There’s a lot more to Mary Beth Peil than her elegant stage presence in musicals and maternal roles in TV's The Good Wife and Dawson’s Creek. Peil spent two decades as an opera singer, appearing at the Met and many other companies. Musicals theater was a natural transition, but Peil has also pursued challenging roles in plays, including her current stint juggling four characters in Bruce Norris’ Domesticated at Lincoln Center Theater. For her Role Call, the gorgeous and gracious Peil chose productions from every stage of her long and successful career.

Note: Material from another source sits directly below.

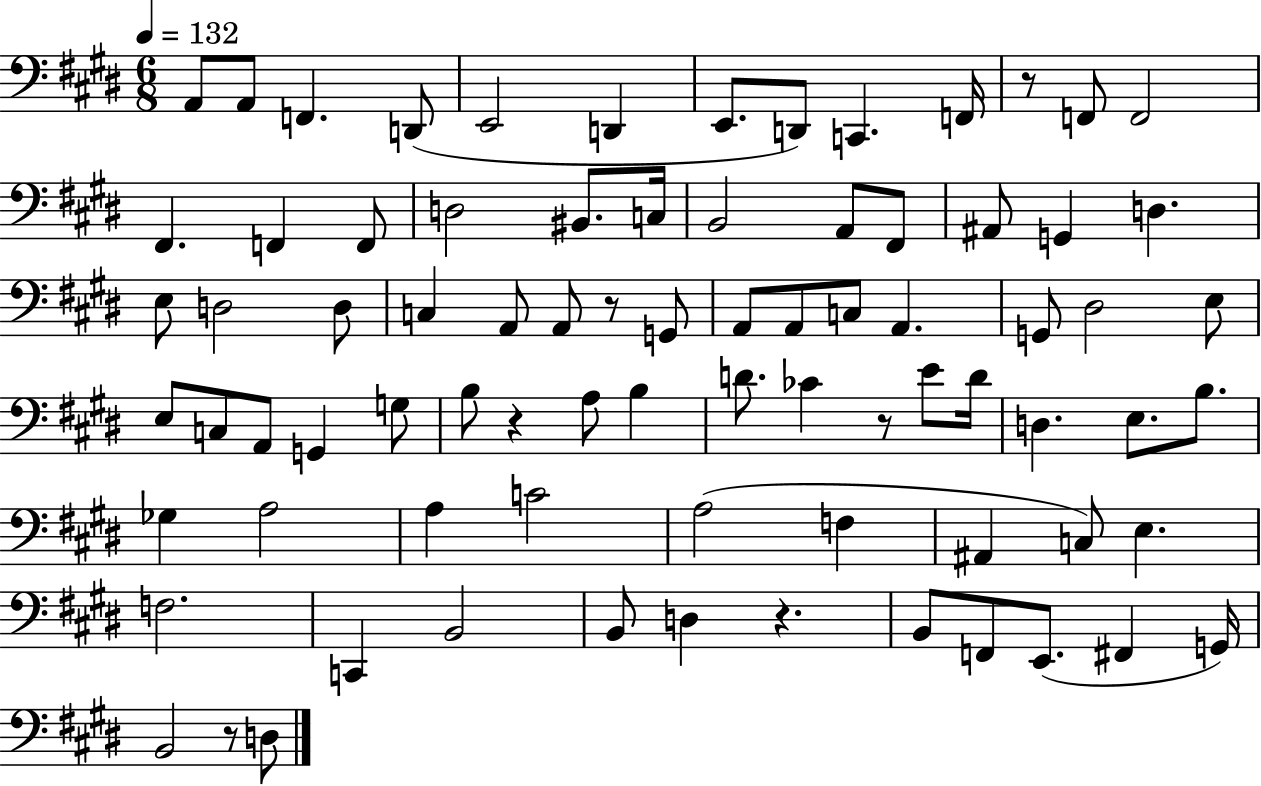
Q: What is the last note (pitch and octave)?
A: D3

Role That Inspired Me to Do Musicals
“I sang opera for 20 years, and I always felt most comfortable with directors who also worked in the theater. When I was cast in Summer and Smoke [1971, as Alma Winemiller; St. Paul Opera], Lee Hoiby and Lanford Wilson’s version of the Tennessee Williams play, it was a foreshadowing of my move into theater. I didn’t know the play or the character—I didn’t know theater at all, because I had starting singing opera professionally at 22. Alma was full of sensuality but was terrified of what would happen if she allowed herself to feel that. Like a lot of Williams women, she was on the edge of too much passion, too much appetite. This was the production that gave me the courage to leave the opera world and made me feel I had the ‘stuff’ to do theater.”
Role That Was the Most Life-Changing
“I was reluctant to tell my opera mentors I had been cast in The King and I [1985, as Anna Leonowens; Best Featured Actress Tony nomination] but a lot of them said, ‘We always knew this would happen.’ From the beginning, I felt so free from the striving for perfection one has in the opera world. In music theater, it’s not about perfection, it’s more about truth. I had heard stories that Yul Brynner could be a cruel taskmaster, but he was heaven to work with. I think he was respectful of the world I came from, and he was aware of his own mortality. We worked together in the last two years of his life, when he was very ill, and that colored everything. I learned so much about stagecraft from doing that show. I had never used a microphone in my life! It was a real life-changer.”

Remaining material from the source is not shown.